HDF ships NiFi,Kafka,Zookeeper and Storm as default components. Why not Spark? I understand that Spark is not meant for streaming, rather better suited for micro-batching, but any additional reasons?
Thanks for replying. You are right, there is a connector to receive the data from NiFi to Spark. I had tried it by transferring the data to Spark through an output port and it works pretty well 🙂
My question is more on why Hortonworks decided not to include it.
I am also curious on the Machine Learning integration. Please share if there are any good ways to accept requests from NiFi, make predictions using a trained classifier and finally give back the scores as response. Here again, NiFi can accept requests and give back a response, but I am not able to give it to a classifier and get the scores back.
As said a question of priorities. Connectors normally go from a community project into the actual product. Once they are in they have to be tested and supported and often need changes like Kerberos support as well. So including something is not zero effort. Its just lower on the priority list than the Kafka connection which is the standard approach to ingest realtime data into a bigdata environment. If you need the integration you could post an idea in the community board. Our product management teams read them.

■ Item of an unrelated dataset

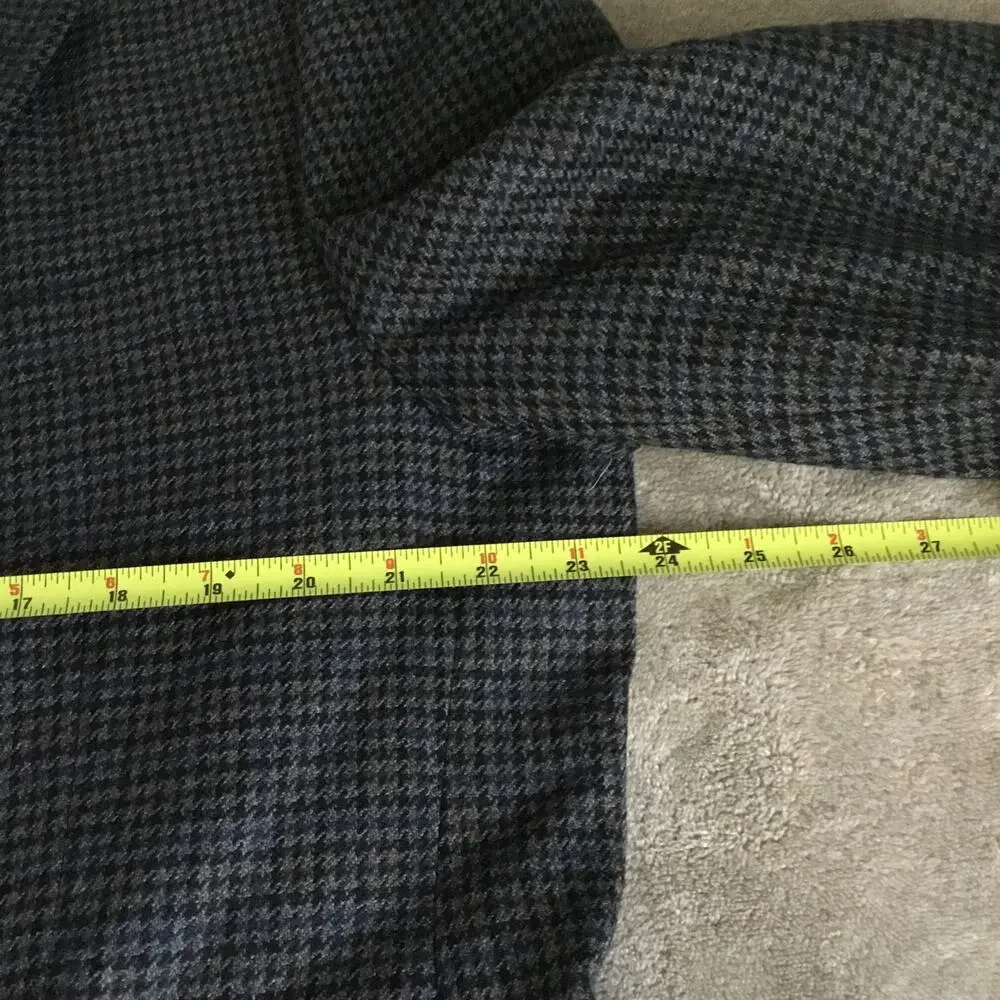 Ralph Lauren Chaps Jacket 46R Gray/Black Wool Blazer Coat Houndstooth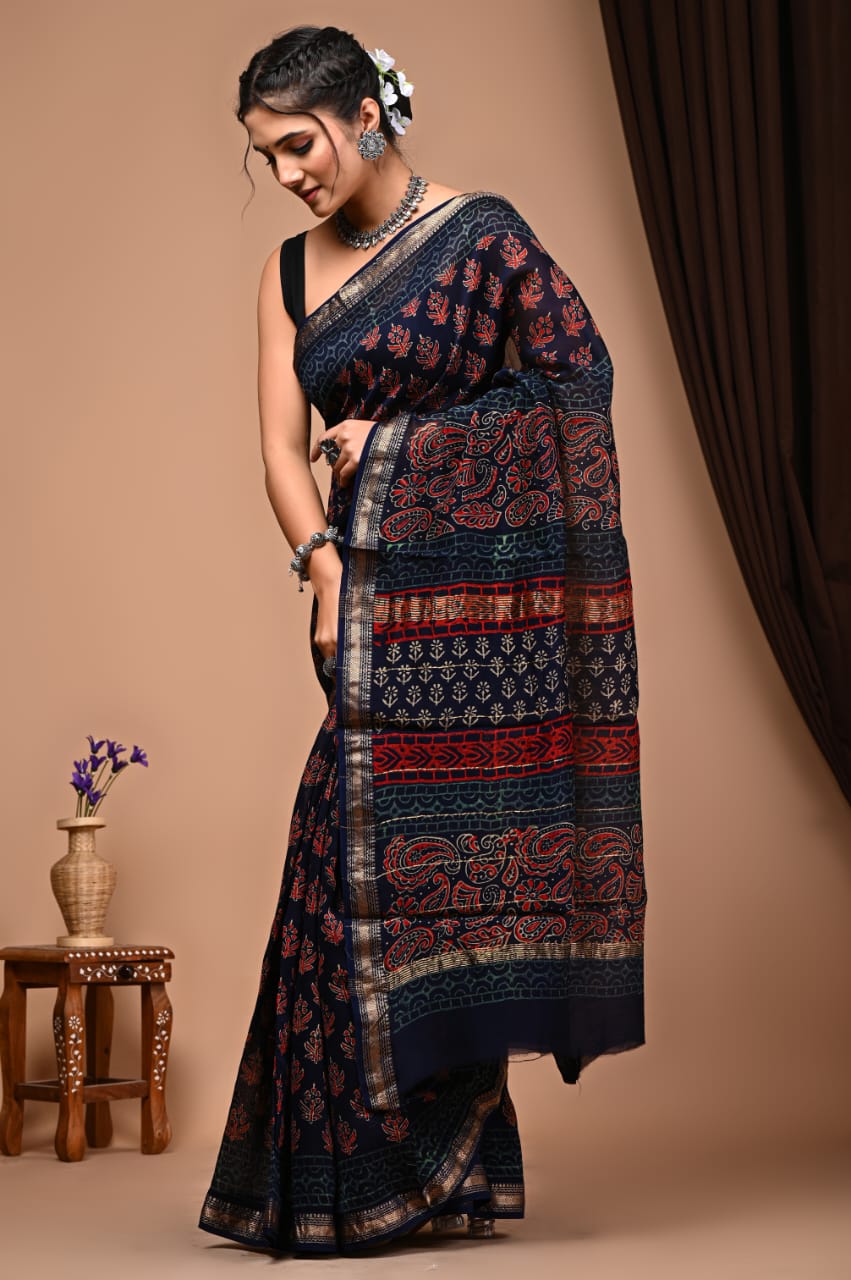 Natural Hand Blocks Prints Maheshwari Silk Sarees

Regarding the Machine Learning inquiry please open a new question. This would allow people who have tried this before to more easily see the question. Sorry for not being of more help 🙂
I don't know why it was picked but Apache Storm is very production ready, mature and very well instrumented for metrics, debugging and running real production code. It is also real streaming not micro-batching. Hortonworks also has committers on that project. Spark and Flink are very new and maturing.